Sabtu, 18 Juni 2011

Cerpen Dhe A. Sujana


Copyright © 2003 Lampung Post. All rights reserved.
Minggu, 17 Mei 2009
Cerpen Dhe A. Sujana

Pada Satu Ibu

AKHIRNYA, kamu menemukan bahwa ibu serupa dengan mama, bunda, umi dan, kamu juga tahu setelah bermain ke rumah Joko, bahwa ibu bisa disebut mbok. Tapi, ibu tak pernah bisa diganti dengan bapak, papa, papi, ayah. Bahkan, seusai kamu berkunjung ke rumah Tante Susan, istri seorang lelaki yang selalu tertawa kalau kamu panggil Om Barat, kamu paham kalau sebutan daddy (sebagaimana kamu dengar ketika Shilla, sepupumu, memanggil Om Barat) pun tak bisa kau pakai untuk memanggil ibumu.

Jalan untuk memahami hal itu pertama kali terbuka di teka nol besar ketika pelajaran bercerita sedang berlangsung.

"Hayo, siapa yang bisa jawab pertanyaan Ibu?" kata gurumu.

"Siapakah yang mengutuk Malin Kundang menjadi batu?" lanjutnya.

Ari cepat sekali mengacungkan jari. "Ibunya, Bu guru," ucap Ari lantang.

"Betul."

"Tapi Bu, yang mengutuk Malin Kundang itu bukan ibunya," sergahmu cepat.

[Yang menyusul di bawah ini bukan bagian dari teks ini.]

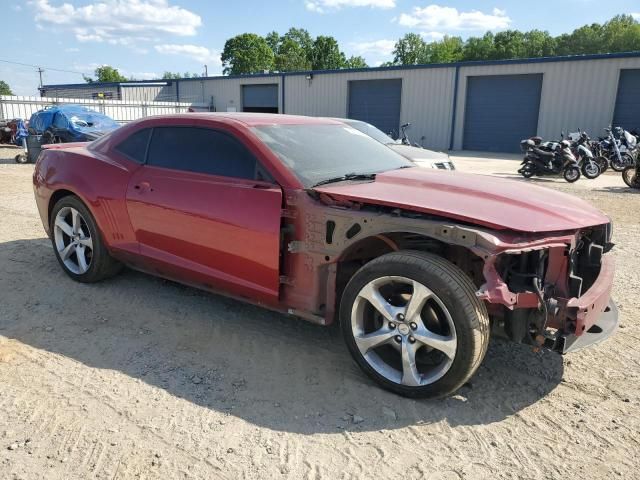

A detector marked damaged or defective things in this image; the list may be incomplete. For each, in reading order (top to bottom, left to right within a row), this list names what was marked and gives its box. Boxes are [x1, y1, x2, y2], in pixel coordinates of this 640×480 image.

damaged sports car [32, 113, 616, 398] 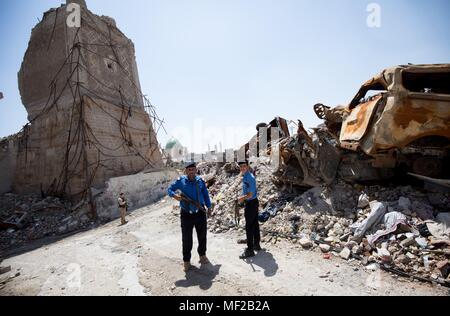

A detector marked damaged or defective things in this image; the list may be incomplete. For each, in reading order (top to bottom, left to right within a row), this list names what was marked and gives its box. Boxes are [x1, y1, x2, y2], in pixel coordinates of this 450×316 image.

rusted wreckage [253, 64, 450, 188]
burned vehicle [270, 64, 450, 188] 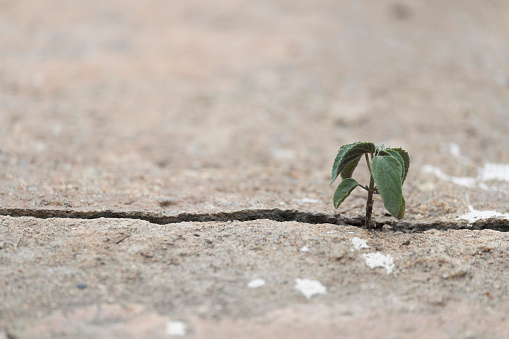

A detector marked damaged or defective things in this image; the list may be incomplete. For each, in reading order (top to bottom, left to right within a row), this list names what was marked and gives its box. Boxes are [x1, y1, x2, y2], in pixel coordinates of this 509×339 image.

crack in concrete [0, 209, 506, 232] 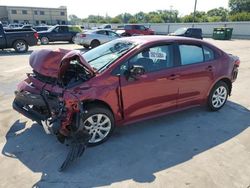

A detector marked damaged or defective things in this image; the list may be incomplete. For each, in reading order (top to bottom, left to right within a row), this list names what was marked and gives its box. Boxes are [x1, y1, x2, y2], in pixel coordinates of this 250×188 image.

crashed front end [11, 48, 94, 170]
crumpled hood [29, 48, 95, 78]
damaged red car [12, 36, 239, 146]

"Lalu siapa?" ibu guru yang cantik itu mengeluarkan suara dengan lembut sambil sedikit membungkukkan badannya.

"Mama Malin Kundang, Bu."

Aduh, kamu polos sekali saat itu.

Dan itulah kamu, kanak yang berdiri sambil berpegangan pada pinggiran meja makan. Ibumu yang duduk, sibuk memotong bayam, itu lama-kelamaan merasa jengah terus diperhatikan olehmu. "Ada apa? Kok diam saja?" katanya perlahan. "Mending bantu mama beresin ini," lanjutnya sambil menunjuk ke arah meja makan yang jadi semerawut karena sisa potongan bayam ada di sana-sini.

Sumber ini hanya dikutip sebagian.